**EXERCISE**
Among the lines of the records below, copy those that hold the word "minus".

[Dataset records]
====

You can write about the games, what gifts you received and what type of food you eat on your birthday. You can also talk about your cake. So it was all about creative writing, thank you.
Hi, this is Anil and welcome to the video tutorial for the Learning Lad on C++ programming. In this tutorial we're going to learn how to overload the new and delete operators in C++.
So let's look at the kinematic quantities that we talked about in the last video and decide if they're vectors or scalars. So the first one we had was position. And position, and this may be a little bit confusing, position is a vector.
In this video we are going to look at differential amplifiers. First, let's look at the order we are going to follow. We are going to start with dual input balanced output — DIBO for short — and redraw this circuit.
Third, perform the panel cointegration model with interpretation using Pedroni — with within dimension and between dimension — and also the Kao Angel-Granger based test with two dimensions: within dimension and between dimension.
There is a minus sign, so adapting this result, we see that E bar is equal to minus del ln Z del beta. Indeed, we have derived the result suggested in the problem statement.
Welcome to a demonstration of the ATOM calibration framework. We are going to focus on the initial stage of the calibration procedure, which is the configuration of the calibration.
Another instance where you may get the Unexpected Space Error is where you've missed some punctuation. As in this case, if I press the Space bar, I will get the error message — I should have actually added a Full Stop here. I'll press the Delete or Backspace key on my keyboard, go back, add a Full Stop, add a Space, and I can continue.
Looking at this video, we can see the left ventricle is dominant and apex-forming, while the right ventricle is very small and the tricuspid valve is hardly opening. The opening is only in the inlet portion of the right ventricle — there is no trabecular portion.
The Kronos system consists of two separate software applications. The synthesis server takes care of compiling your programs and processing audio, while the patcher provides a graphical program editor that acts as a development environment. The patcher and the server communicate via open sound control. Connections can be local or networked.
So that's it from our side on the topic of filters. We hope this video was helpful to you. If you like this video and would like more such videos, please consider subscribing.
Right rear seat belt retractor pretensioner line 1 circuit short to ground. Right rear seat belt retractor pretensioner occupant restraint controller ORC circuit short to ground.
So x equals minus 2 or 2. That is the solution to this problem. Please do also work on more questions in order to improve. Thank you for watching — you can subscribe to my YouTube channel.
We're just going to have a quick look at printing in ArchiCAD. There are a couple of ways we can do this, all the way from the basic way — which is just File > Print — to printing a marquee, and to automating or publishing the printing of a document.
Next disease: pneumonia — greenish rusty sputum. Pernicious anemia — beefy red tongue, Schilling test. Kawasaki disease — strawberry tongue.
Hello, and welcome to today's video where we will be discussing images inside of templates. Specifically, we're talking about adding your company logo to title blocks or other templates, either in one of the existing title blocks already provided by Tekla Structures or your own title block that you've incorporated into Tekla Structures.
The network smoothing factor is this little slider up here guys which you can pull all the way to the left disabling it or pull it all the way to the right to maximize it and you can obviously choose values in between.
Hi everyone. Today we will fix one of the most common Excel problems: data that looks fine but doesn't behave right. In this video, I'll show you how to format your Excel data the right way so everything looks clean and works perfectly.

====

**COMPLETED EXERCISE**
There is a minus sign, so adapting this result, we see that E bar is equal to minus del ln Z del beta. Indeed, we have derived the result suggested in the problem statement.
So x equals minus 2 or 2. That is the solution to this problem. Please do also work on more questions in order to improve. Thank you for watching — you can subscribe to my YouTube channel.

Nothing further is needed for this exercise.